Breach Search
Search leaked credentials and breach data by email, phone, IP, domain.
Breach Search (Dehashed)
Search breach databases for leaked credentials, emails, phone numbers, IP addresses, and more. Powered by Dehashed.
POST /api/v1/dehashed/search
Auth: x402 payment ($0.05 USDC)
Parameters
| Parameter | Type | Required | Description |
|---|---|---|---|
query | string | Yes | Search query in field:value format |
size | number | No | Results per page (1-10000, default varies) |
page | number | No | Page number |
Query Fields
| Field | Example | Description |
|---|---|---|
email | email:user@example.com | Email address |
username | username:johndoe | Username |
password | password:hunter2 | Plaintext password |
hashed_password | hashed_password:5f4dcc... | Password hash |
name | name:John Doe | Full name |
ip_address | ip_address:192.168.1.1 | IP address |
phone | phone:+1234567890 | Phone number |
address | address:123 Main St | Physical address |
domain | domain:example.com | Email domain |
vin | vin:1HGBH41JXMN109186 | Vehicle identification number |
Example Request (cURL)
curl -X POST https://x402.dial.wtf/api/v1/dehashed/search \
-H "Content-Type: application/json" \
-H "Payment-Signature: BASE64_ENCODED_PAYMENT" \
-d '{
"query": "email:target@example.com",
"size": 100,
"page": 1
}'Example Request (JavaScript)
const result = await dial.dehashed.search({
query: "domain:example.com",
size: 50,
});Response
{
"success": true,
"message": "Search complete",
"total": 42,
"entries": [
{
"id": "12345",
"email": "user@example.com",
"username": "johndoe",
"password": "",
"hashed_password": "5f4dcc3b5aa765d61d8327deb882cf99",
"name": "John Doe",
"ip_address": "203.0.113.1",
"address": "",
"phone": "+1234567890",
"vin": "",
"obtained_from": "BreachName_2024"
}
],
"balance": 985
}POST /api/v1/dehashed/search-with-credits
Auth: Bearer token (1 credit)
Same parameters and response.
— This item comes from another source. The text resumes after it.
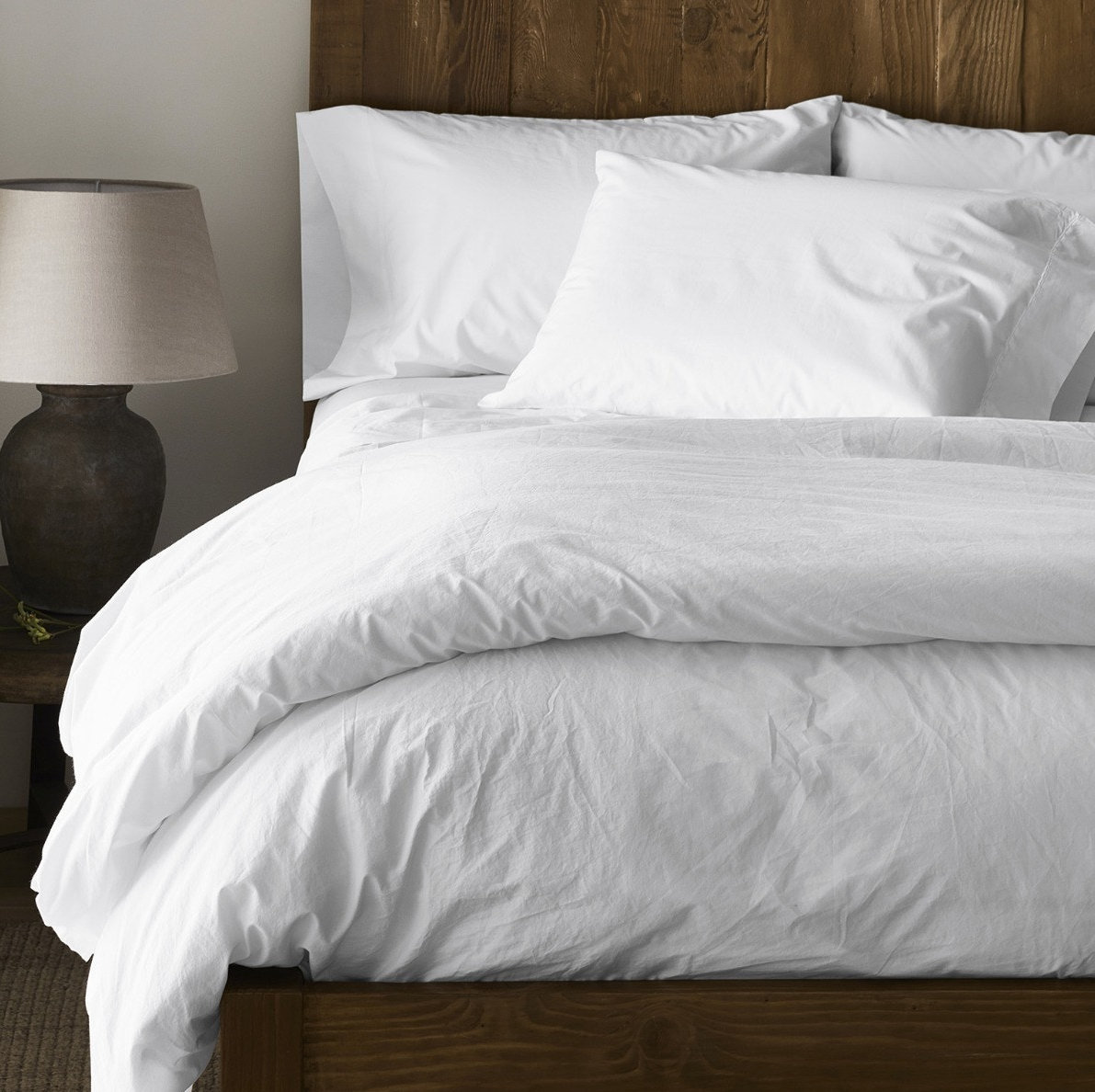 100% Cotton Percale Fitted Sheet, Alpine White, Queen Fitted Sheet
Uses prepaid credits instead of x402 payment.
curl -X POST https://x402.dial.wtf/api/v1/dehashed/search-with-credits \
-H "Content-Type: application/json" \
-H "Authorization: Bearer YOUR_PRIVY_ACCESS_TOKEN" \
-d '{"query": "email:target@example.com"}'Security Note
Breach data is sensitive. By default, the Dial skill for Claude Code redacts password and hashed_password fields when displaying results. Use this data responsibly and only for authorized security research, penetration testing, or credential monitoring.